(Records contained in a dataset)
-.-.-
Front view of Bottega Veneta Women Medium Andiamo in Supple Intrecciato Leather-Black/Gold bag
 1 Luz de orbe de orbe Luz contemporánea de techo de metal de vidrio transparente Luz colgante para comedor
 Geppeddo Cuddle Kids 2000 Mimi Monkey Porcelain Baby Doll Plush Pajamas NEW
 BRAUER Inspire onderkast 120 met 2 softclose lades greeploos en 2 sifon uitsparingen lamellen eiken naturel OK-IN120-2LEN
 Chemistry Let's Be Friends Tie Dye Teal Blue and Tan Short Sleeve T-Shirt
-.-.-
Directions> Restate verbatim all lines from the start of the data through the line containing "1 Luz de orbe", with both ends kept.

Reply to the exercise>
Front view of Bottega Veneta Women Medium Andiamo in Supple Intrecciato Leather-Black/Gold bag
 1 Luz de orbe de orbe Luz contemporánea de techo de metal de vidrio transparente Luz colgante para comedor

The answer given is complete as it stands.